TD provides a simple TD Q learning solution to the simple motor sequence learning problem, to get a sense of its overall learning complexity.
It is a very simple problem so it is expected to be solved easily: the question is how fast it ends up being learned, given the amount of state space exploration that is required.
The trial / epoch setup is the same as the bgdorsal sim, so epochs are comparable units (128 trials per epoch).
- Epsilon Min = 0.01 seems pretty optimal -- any higher and it fails to converge
- Epsilon Decay = 0.2 or 0.5 work well -- helps converge more quickly.
- LRate Decay = 0.0001 or 0.00001 seem best: variance vs speed tradeoff overall
./td -runs 50 -epochs 1000 -env-seq-len 4 -env-n-actions 6 -td-l-rate-decay 0.0001 -td-epsilon-decay 0.5 -td-epsilon-min 0.01
The fastest times here are about 10 epochs, and you also get values in the 400+ epochs as well.
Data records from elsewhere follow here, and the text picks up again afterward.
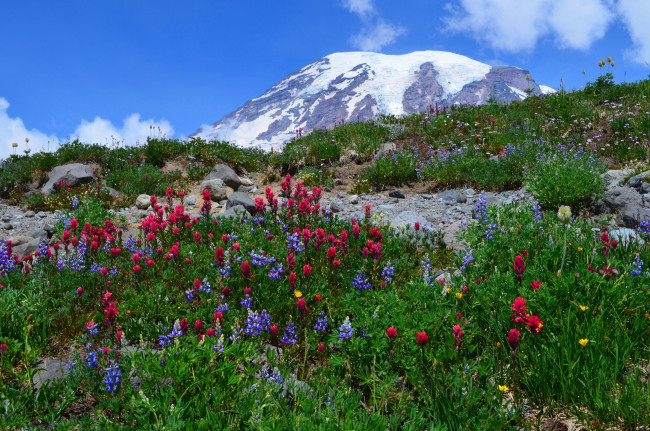 Обои картинки фото природа, горы, простор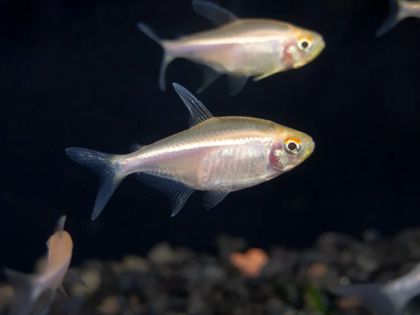Hyphessobrycon herbertaxelrodi Albino – Черен неон Албинос  / 3 см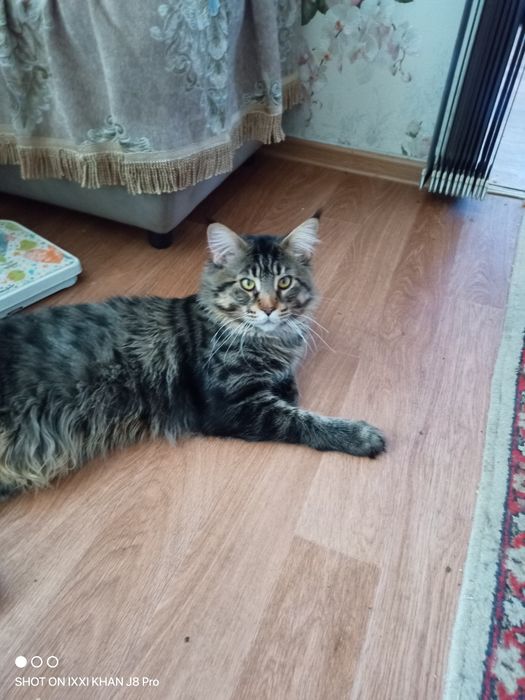 Кот Мейн-кун,  1г 2м,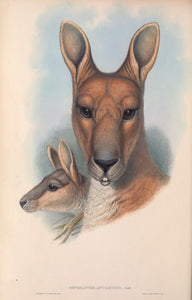 Antilopine kangaroo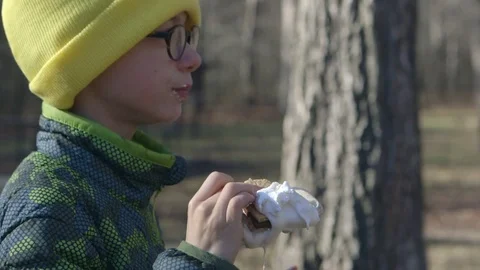 Boy eating a s'more in the woods Stock Footage 71106742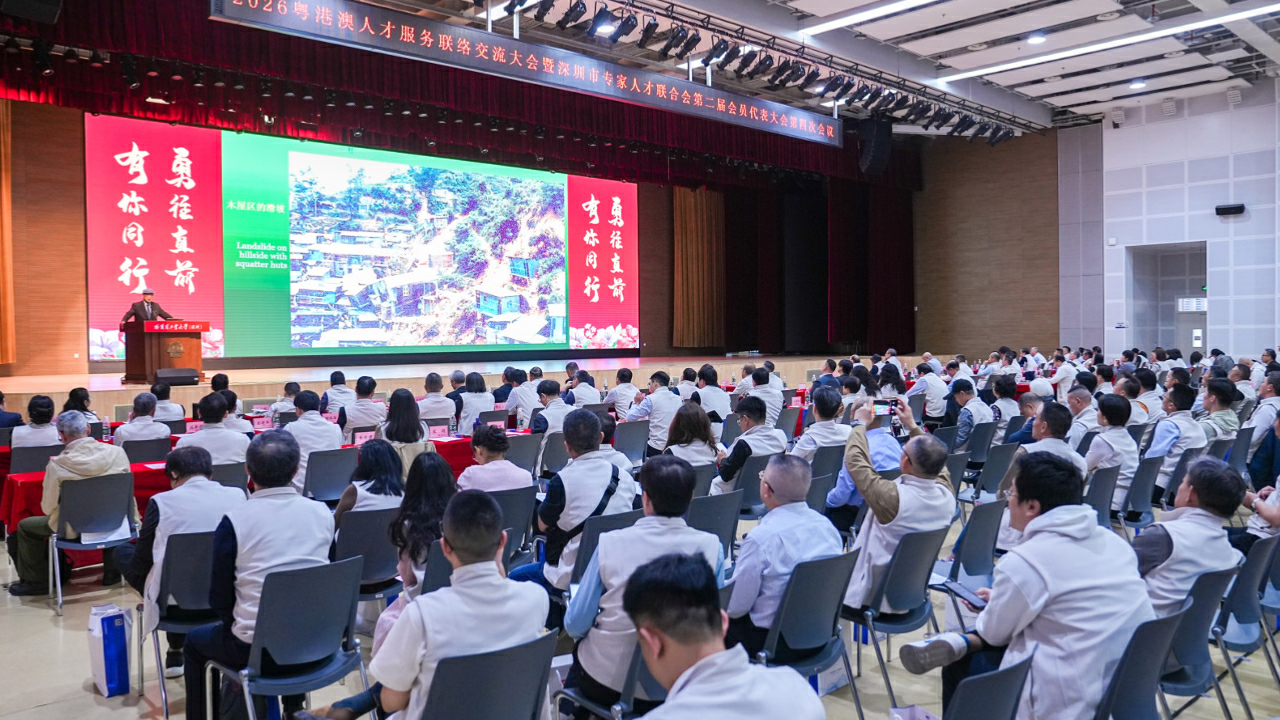 有片丨粵港澳人才聯動 共話發展新機遇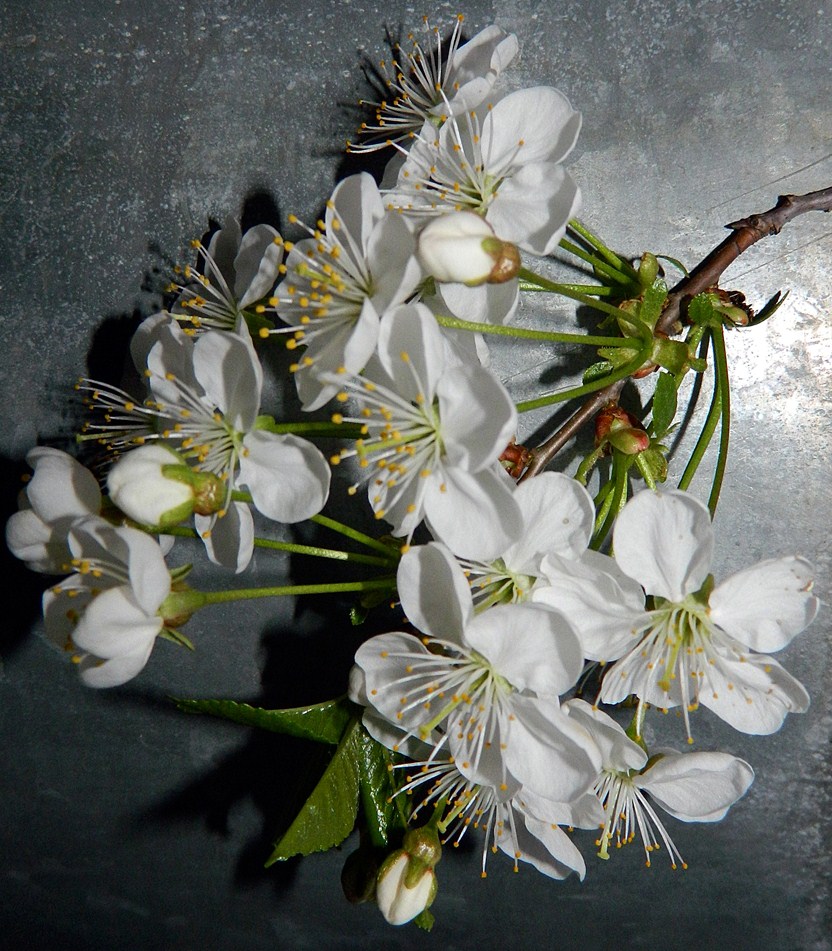Image of Cerasus vulgaris specimen.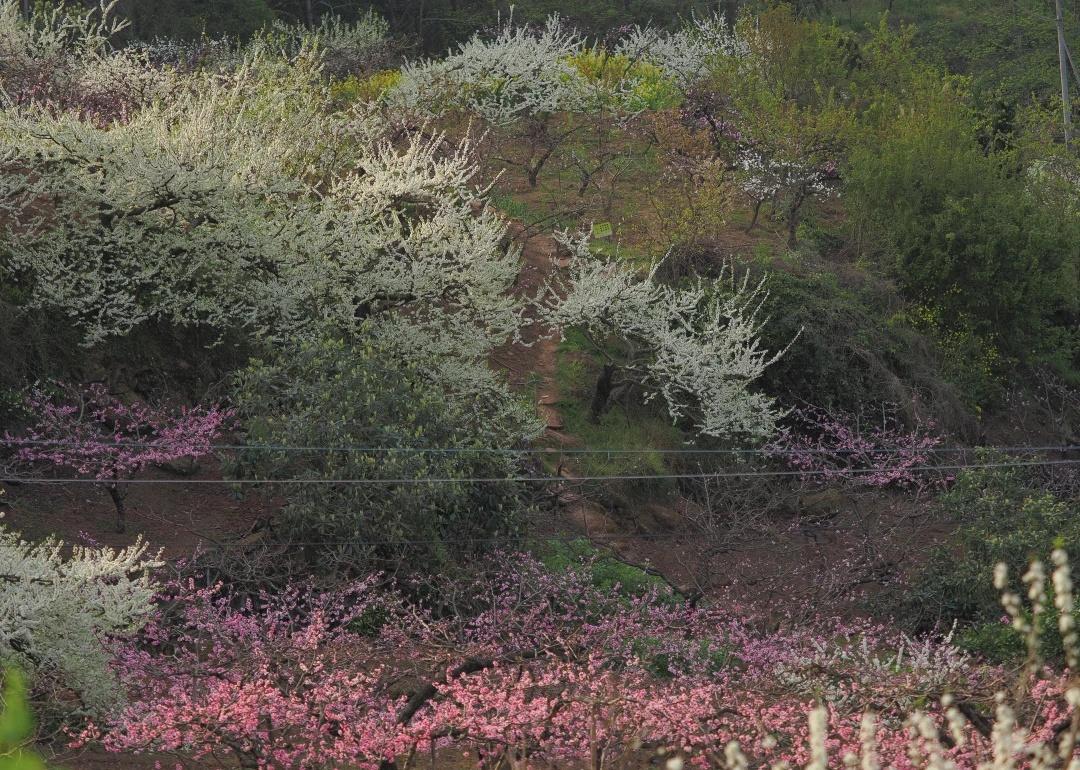 访春龙泉山汤坝梁子，李花胜雪春意盛
逢春不游乐，但恐是痴人，看花去。
今天去了龙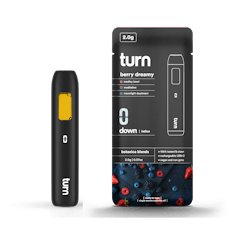 Turn TURN HYBRID Retrovision Disposable 2g - Down The Rabbit Hole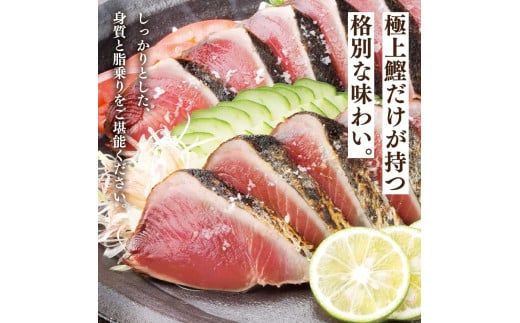 “土佐料理司”塩たたき3節（合計900g以上）／旨い鰹だからこそ塩で頂く。極上鰹ならではの格別な味わい。ギフト 2022 プレゼント 海鮮 グルメ 惣菜 食べ物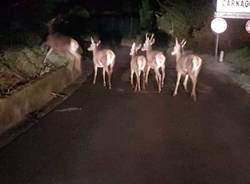 ungulati a carnago - foto di facebook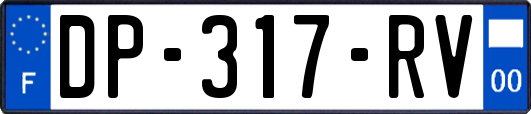 DP-317-RV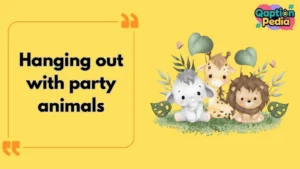zoo captions
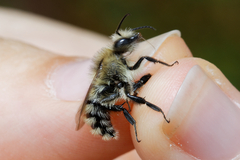 Bombus humilis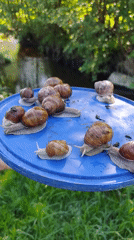 Snail collection activity documented in Kratovo, Russia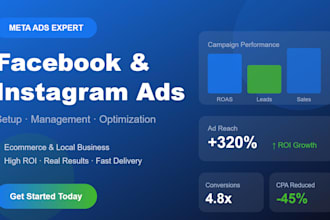setup and manage meta ads for ecommerce and local business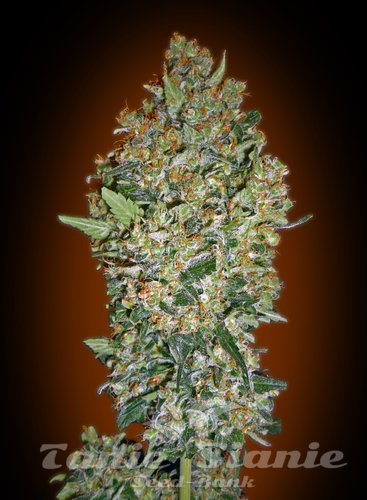 Nasiona Marihuany Feminized Collection #1 - 00 SEEDS BANK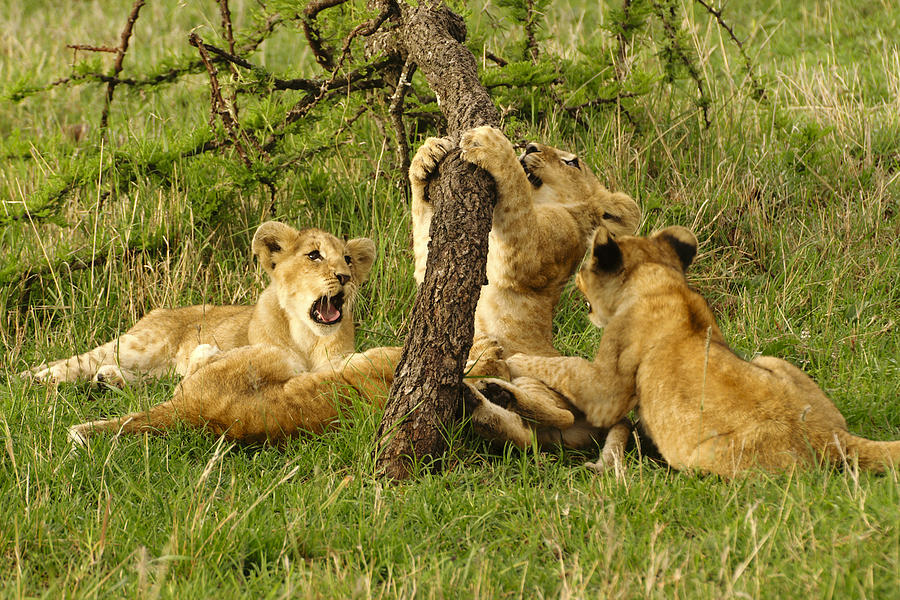 Lion Photograph - Playtime #3 by Michele Burgess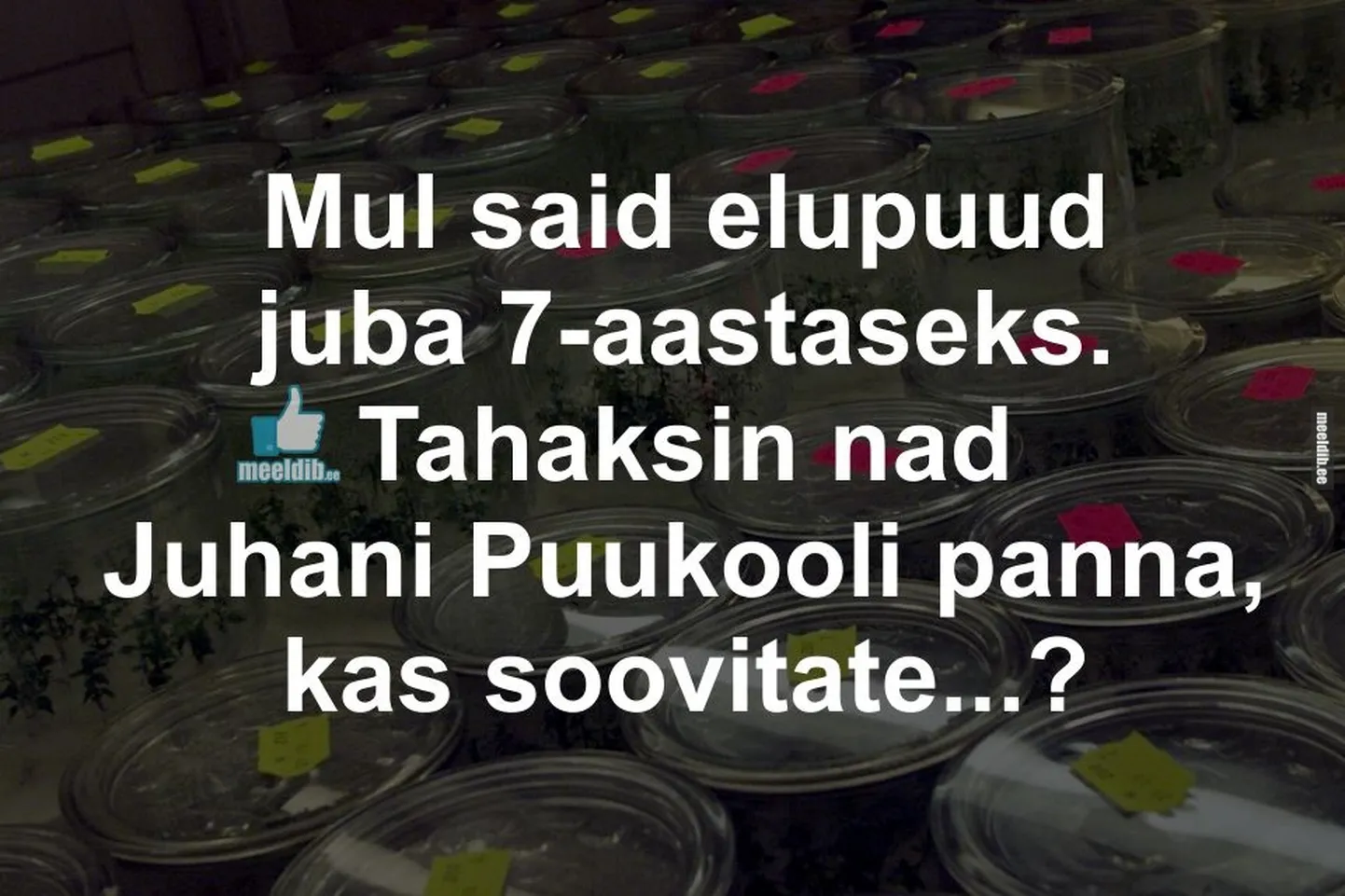 Artikli foto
Similar param issues, and in general get the same performance with less variability overall:
./td -runs 50 -epochs 1000 -env-seq-len 3 -env-n-actions 10 -td-l-rate-decay 0.0001 -td-epsilon-decay 0.5 -td-epsilon-min 0.01
Exploring larger spaces
- 4x10 is more difficult for sure: have to reduce epsilon decay to 0.1
In general it seems sensibly related to the size of the space being searched.